It was artist, Donald Judd, who started it all in 1971 when, tired of the New York art world he came to to this desert town for its whistling, tumbleweed space, and rented a house. His big, clean, simple (if not minimalist) works and installations are preserved in Marfa by the Chinati Foundation and in some way by the Judd Foundation, and are the original draw. There are other foundations too, and artists inspired to do big conceptual things of their own. There are also plenty of filmmakers and screenwriters and actors.

Anyway, to the untutored eye Marfa could look like a scrapyard, given the rusting cars, industrial pipes, corrugated iron, baked empty earth lots, scrub and weed pushing on through adobe buildings, just-there electrical substation, railway tracks and sidings, abandoned trailers, faded signs and what-nots. There are plenty of towns like this down here that aren’t artsy; they’re just poor.  In fact, Valentine, the next town west, has most of the same stuff lying around in it, but it’s not the Chosen One.

Musing in the parking lot of El Cosmico – the super-cool, urban hipster, pricy airstream trailer and teepee retreat – I wonder whether this isn’t all a case of The Emperor’s New Clothes? It has a ‘Creative Lab’ and  ‘Amphitheatre’, but off-brochure there’s not much to distinguish this site from the Tumble In RV Park on the others side of town where you can pitch a tent on the scrub for $15, or to be honest, from some of the yards you pass on the way, where old cars and RVs sit abandoned in the sun. Or am I just telling myself that because they’re full? The fact is that despite feeling suckered in by the term ‘vintage’ and the nice retro signage, I do find it all weirdly beautiful – and clearly so does everyone else rolling up in the hope of a cancellation.

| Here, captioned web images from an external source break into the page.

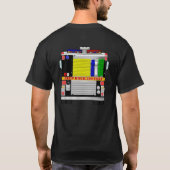 Kommender und gehender Feuer-Motor T-Shirt (Rückseite)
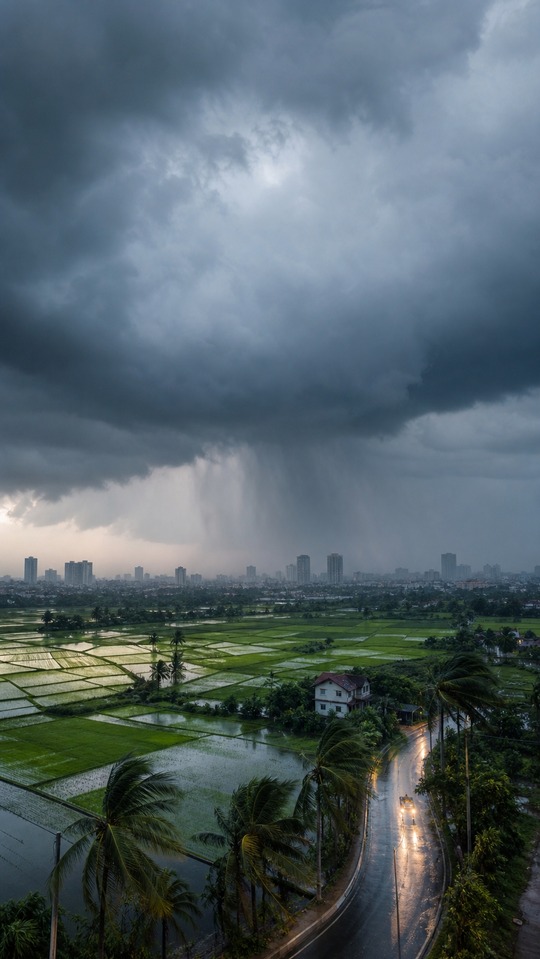 Weather Thoi Tiet Rainy Storm - 4K Wallpaper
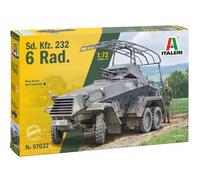 Modellino ITALERI Sd.kfz.232 6-rad 1/72: 4 Topper, Istruzioni Colore, Simboli E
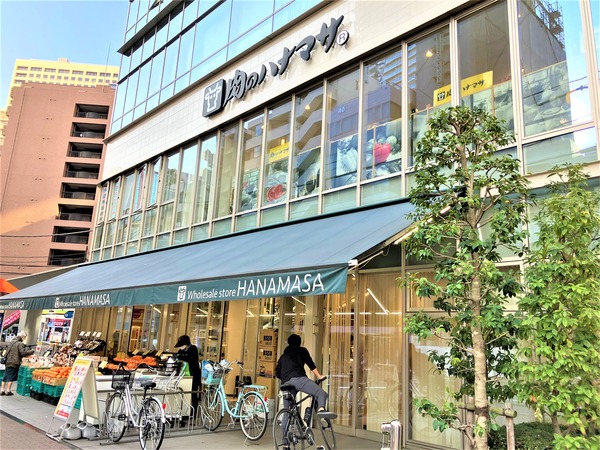 「肉のハナマサ芝浦店」、約２３０ｍ、徒歩３分
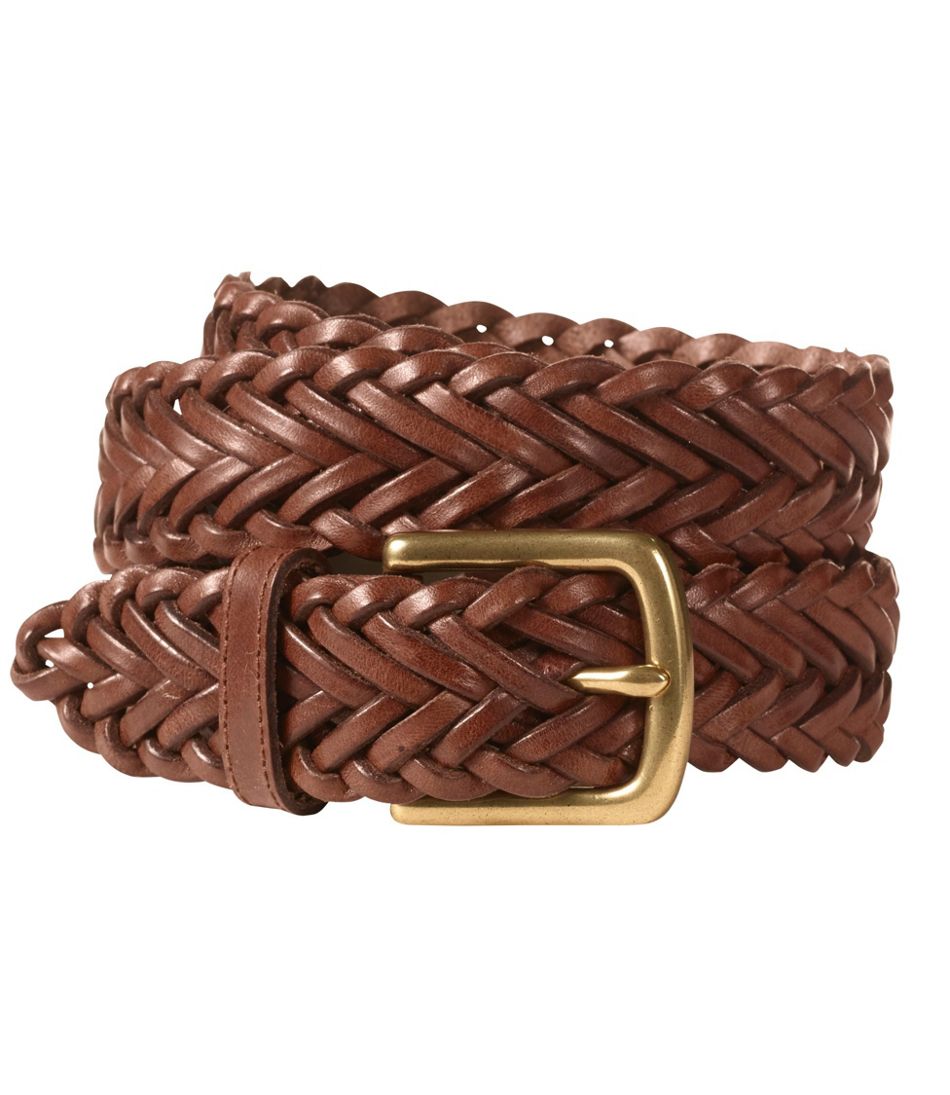 L.L.BeanMen's Essential Braided Leather Belt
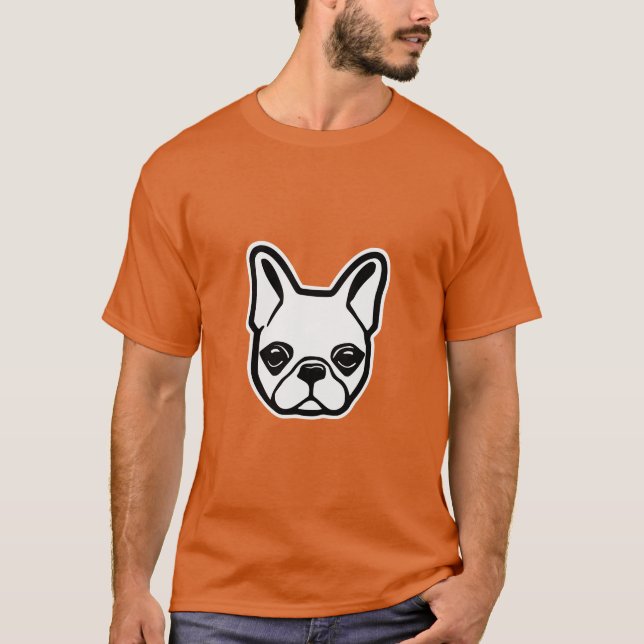 Camiseta T-Shirt para Bulldog Francês (Frente)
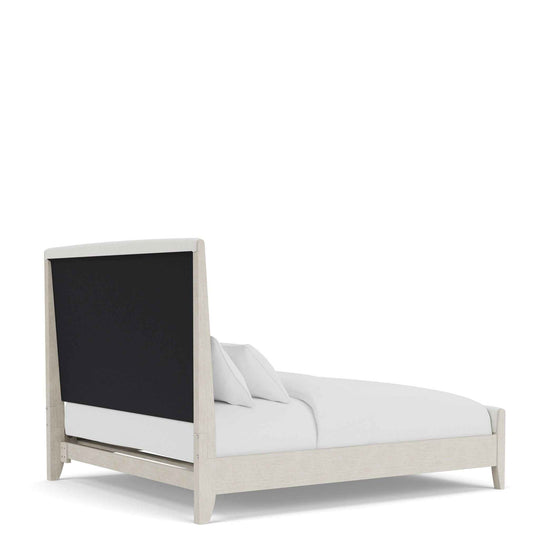 Carmella - King Upholstered Bed - Pebble Oak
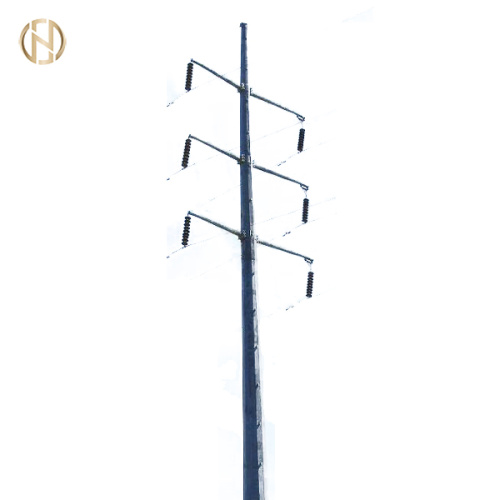 66kV Transmission Line Galvanized Steel Electric Pole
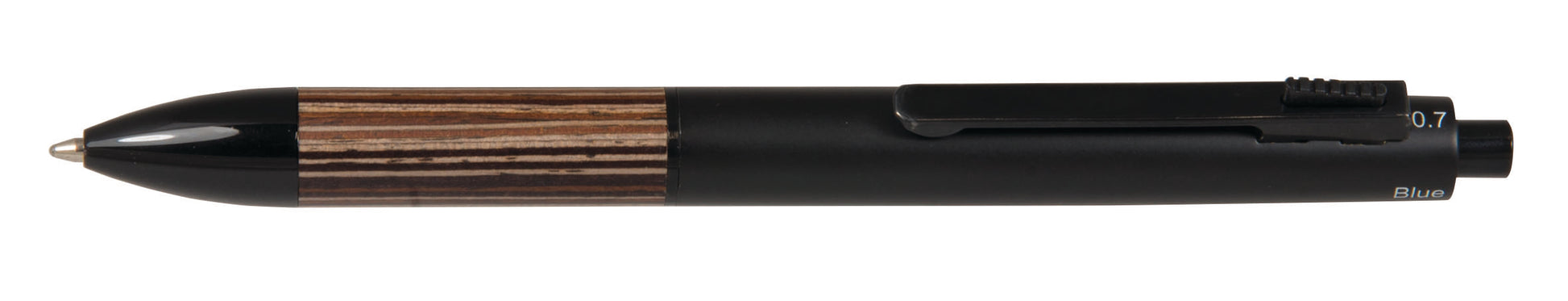 Online Multipen 31318 Multifunktions-Kugelschreiber – 3 Farben (Schwarz/Blau/Rot), 0,7 mm Bleistift, Rot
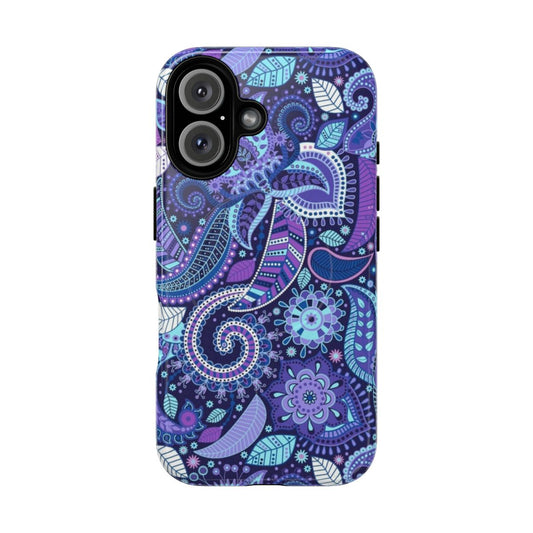 Purple paisley pattern phone case, inspired by Vera Bradley designs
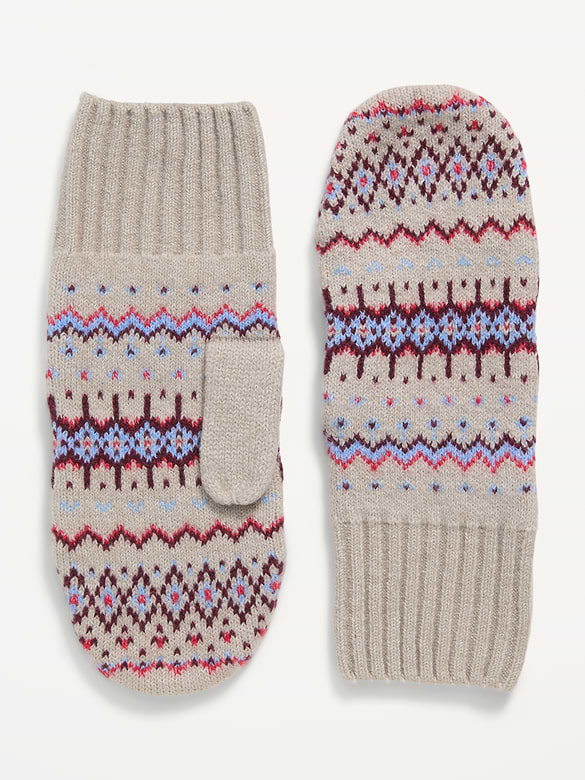 Fairisle Mittens for Women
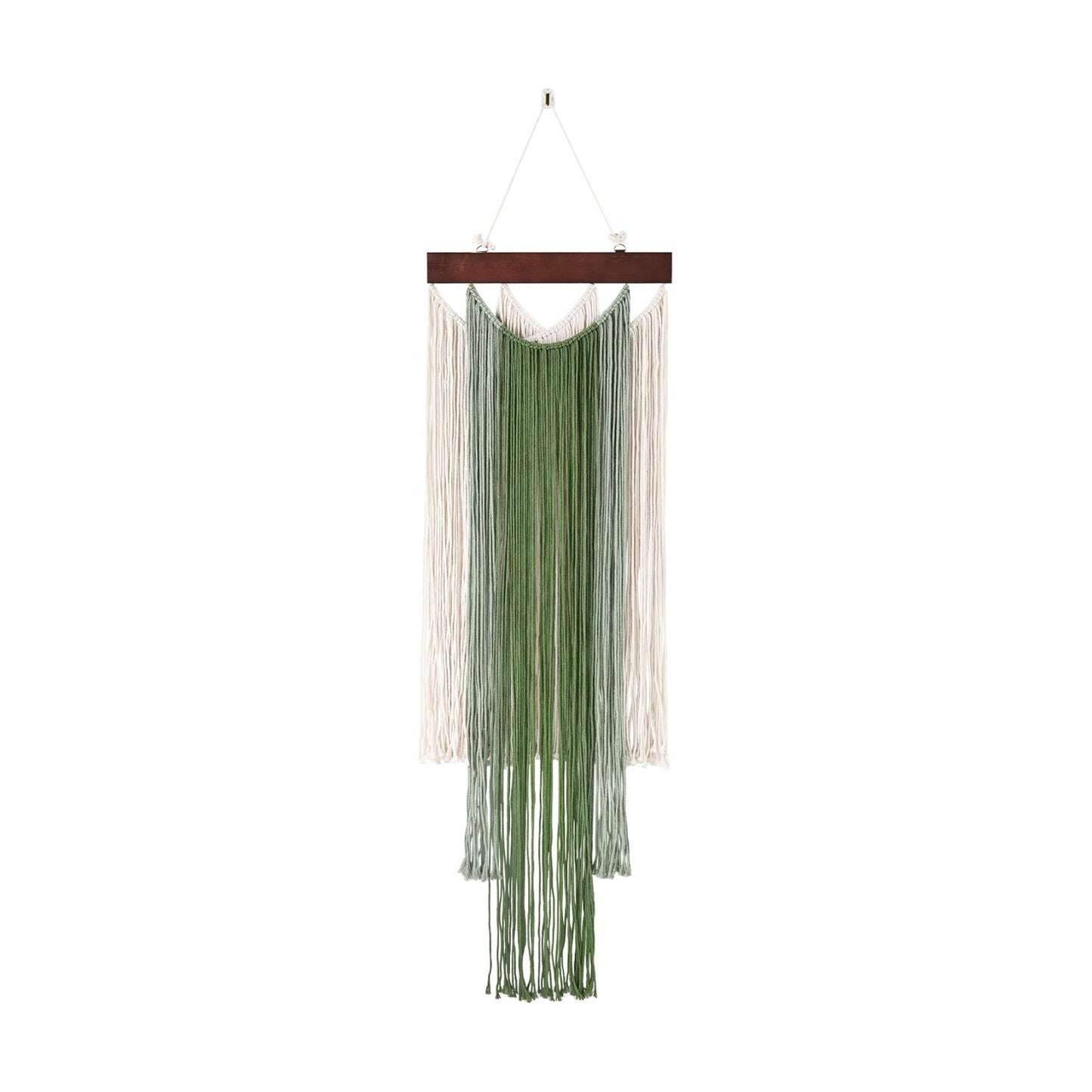 Handmade Woven Wall Art / 47.2"L x 15.7"W / Green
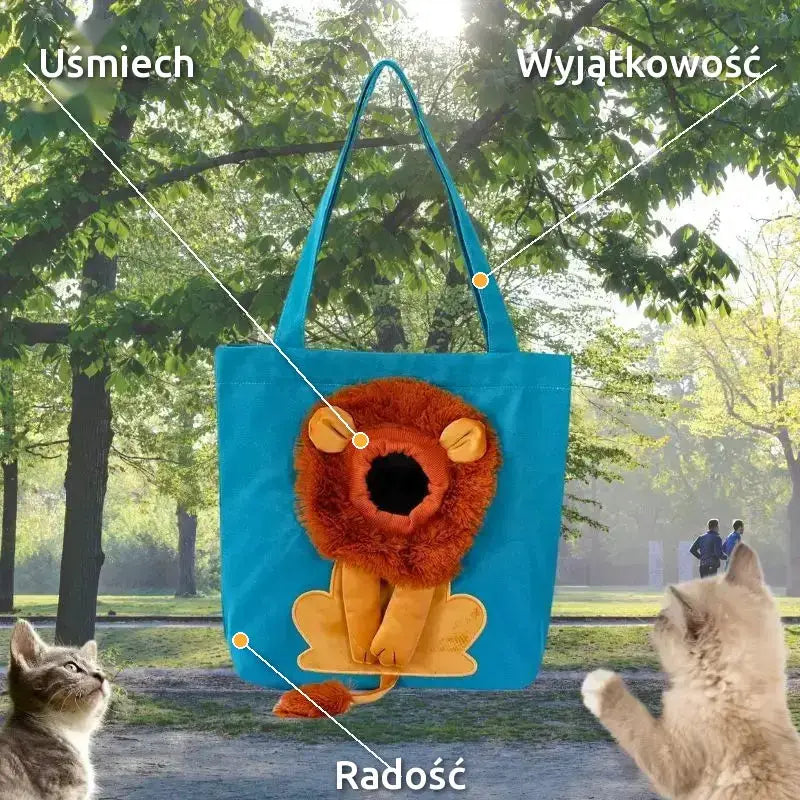 Torba dla Kota Liontrotter Stylowy Transporter Niebieski
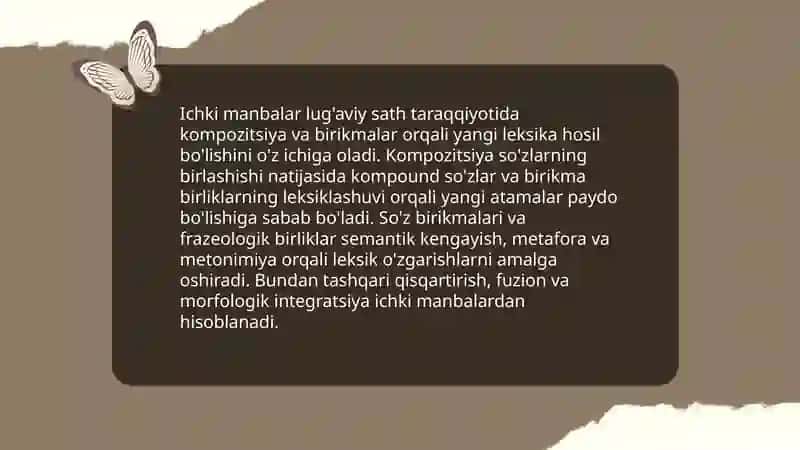 Lugaviy sath taraqqiyotining ichki va tashqi manbalari 4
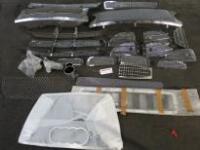 28 x Assorted Chrome Grills & Grill Parts.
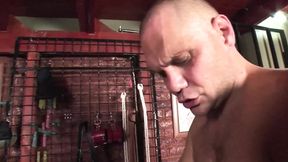 Strong Fleshpleasure with Nacho Vidal Top Brunette in Seductive Leather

That confusion applies to Marfa as a whole. One part of me says let’s be honest, if people really want to go somewhere to get away from it all, there are a hell of a lot of places to choose from in Texas. That might have been Marfa when they filmed Giant and James Dean was down to earth and flirty friends with all the local girls and Liz and Rock hung out at the Paisano, but today’s town is too popular to be free and cheap and lawless. There’s something a little tense and self-consciously special here, that makes me feel like a voyeur and a fan rather than a relaxed escapee.

Then there’s the Marfa Lights. Even the bloke some hundred or so miles away who gave us the gas to prevent us from running out of fuel on the I-10 and ending up as two piles of bleached bones, even he asked if we were going to see the Marfa Lights. Everyone talks about them – there’s an observatory, maps – the lot. These aren’t the aurora borealis. They’re a bit like headlights, although to be fair they come from a place without roads and were spotted by a rancher, Robert Reed Ellison in 1883. So remain sceptical? Or abandon yourself to awe and wonderment? There’s a lot of thinking on both sides. Personally, I’d have gone for wonder, but for Mr Sceptic, back in the car with the radio on.

The other part of me though is loving it; admiring telegraph poles, cactus, empty buildings. Confusing. Fact is some things about Marfa are indisputably lovely, like so many of the buildings – Ballroom Marfa, the old National Bank, the Contemporary gallery and Pizza Foundation, the Courthouse and the Thunderbird motel, and random private homes. Plus, there’s the 50’s – 60s style signage, the never-to-be-forgotten art – Judd’s, and others, with Prada Marfa one of the biggest, funniest and the best, and perfect encapsulation of Marfa’s cool weirdness.

BTW Larry Clark’s Marfa Girl (wanton youth, small-town Texas), shot in Marfa, won Best Picture at the Rome Film Festival.